Sandia LabNews

'Switching on' iron in clay minerals


Researchers identify chemical mechanism that shows how iron in soils can immobilize arsenic

scientist compares test tubes in anaerobic glovebox
UNDERSTANDING IRON — Anastasia Ilgen run experiments in an anaerobic glovebox.  (Photo by Randy Montoya)

Sandia researchers have discovered a mechanism to “switch on” iron residing in clay mineral structures, leading to an understanding of how to make iron reactive under oxygen-free conditions.

This research will help scientists understand and predict how contaminants such as arsenic, selenium and chromium move through the environment and enter waterways. These chemical principles can be applied to develop natural soil barriers to remove those contaminants from water and make reactive membranes, which can transform contaminants during the water filtration process.

The work is featured on the cover of a recent issue of Environmental Science: Nano in a paper titled, “‘Switching on’ iron in clay minerals,” by Sandia researchers Anastasia Ilgen, Kevin Leung and Rachel Washington, and Ravi Kukkadapu from Pacific Northwest National Laboratory. The work was funded by DOE’s Basic Energy Sciences program.

Understanding iron reactions

“In geoscience, we recognized for decades that understanding how iron reacts is critical for understanding how contaminants move and transform in the environment,” lead author Anastasia said.

Iron is a key constituent of Earth’s crust and the fourth most common element, and iron-containing minerals make up a large portion of soils and sedimentary rocks, she said. Adsorption and chemical transformations on iron-containing mineral surfaces define the fate and transport of chemicals in the environment.

Anastasia said that iron in soils can exist in two oxidation states: reduced and oxidized. This is important because iron constantly cycles between these forms in response to slight changes in soil conditions.

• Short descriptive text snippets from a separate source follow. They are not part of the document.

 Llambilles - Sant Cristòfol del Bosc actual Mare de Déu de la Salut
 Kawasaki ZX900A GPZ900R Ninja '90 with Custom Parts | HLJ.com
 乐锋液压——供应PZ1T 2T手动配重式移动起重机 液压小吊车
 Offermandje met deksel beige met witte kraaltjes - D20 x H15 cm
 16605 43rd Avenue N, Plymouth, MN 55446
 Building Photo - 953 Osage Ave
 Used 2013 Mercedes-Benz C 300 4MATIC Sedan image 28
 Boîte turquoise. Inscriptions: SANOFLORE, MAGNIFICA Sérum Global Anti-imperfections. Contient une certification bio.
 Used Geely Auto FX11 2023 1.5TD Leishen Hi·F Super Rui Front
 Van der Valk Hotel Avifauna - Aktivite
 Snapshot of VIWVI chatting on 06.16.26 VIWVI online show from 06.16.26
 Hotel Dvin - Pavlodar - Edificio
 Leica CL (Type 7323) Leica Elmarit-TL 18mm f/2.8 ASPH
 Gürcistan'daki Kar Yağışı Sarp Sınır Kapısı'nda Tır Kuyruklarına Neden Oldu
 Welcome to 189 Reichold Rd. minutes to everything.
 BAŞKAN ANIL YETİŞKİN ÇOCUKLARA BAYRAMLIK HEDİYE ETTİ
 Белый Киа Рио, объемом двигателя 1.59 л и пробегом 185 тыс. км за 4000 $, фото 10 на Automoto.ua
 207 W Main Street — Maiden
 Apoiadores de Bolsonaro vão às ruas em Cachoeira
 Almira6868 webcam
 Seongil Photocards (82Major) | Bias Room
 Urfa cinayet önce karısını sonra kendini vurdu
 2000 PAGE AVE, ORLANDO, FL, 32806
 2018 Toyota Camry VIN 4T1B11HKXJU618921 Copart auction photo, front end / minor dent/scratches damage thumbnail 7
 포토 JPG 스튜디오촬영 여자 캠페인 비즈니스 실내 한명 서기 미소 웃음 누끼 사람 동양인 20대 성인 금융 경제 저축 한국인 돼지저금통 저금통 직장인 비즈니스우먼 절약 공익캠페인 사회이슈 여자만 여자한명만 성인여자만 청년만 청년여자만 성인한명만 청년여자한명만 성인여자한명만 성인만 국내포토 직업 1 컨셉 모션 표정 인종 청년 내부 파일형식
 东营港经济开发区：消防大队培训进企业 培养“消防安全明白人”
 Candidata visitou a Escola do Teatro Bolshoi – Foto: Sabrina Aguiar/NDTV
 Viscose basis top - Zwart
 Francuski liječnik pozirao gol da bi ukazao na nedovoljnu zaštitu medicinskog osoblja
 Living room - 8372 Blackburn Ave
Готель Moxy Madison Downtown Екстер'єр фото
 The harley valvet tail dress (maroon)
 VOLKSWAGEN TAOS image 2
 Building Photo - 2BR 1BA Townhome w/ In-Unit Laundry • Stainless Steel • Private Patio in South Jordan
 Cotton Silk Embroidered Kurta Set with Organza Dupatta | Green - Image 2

“Clay minerals are exceedingly common in soils and they often contain iron in their structures,” she said. “The surfaces of clay minerals, which only contain oxidized iron, are not reactive. They adsorb arsenic, but don’t transform it chemically. However, these same surfaces become reactive as soon as a minor amount of reduced iron is introduced into the clay mineral’s structure.”

Until now, scientists have not understood how and why clay minerals with trace amounts of reduced iron react when no oxygen is present.

“We have discovered the mechanism by which oxidized iron in clay mineral structures reacts under oxygen-free conditions, and why trace amounts of reduced iron are necessary for the reactions to take place,” Anastasia said. 

Experimental tools, methods

Using experimental tools, the team pinpointed the exact chemical sites in clay minerals that react with arsenic. They showed that iron atoms located at the edges of clay minerals are reactive, and for the reactions to take place, these sites have to contain both reduced and oxidized iron.

The team used computational methods to calculate the energy required for oxidizing arsenic, which is adsorbed onto a site containing exclusively oxidized iron, in contrast to a site with both oxidized and reduced iron. These calculations showed that thermodynamically adding one reduced iron next to an oxidized iron does not make the oxidation of arsenic any more favorable.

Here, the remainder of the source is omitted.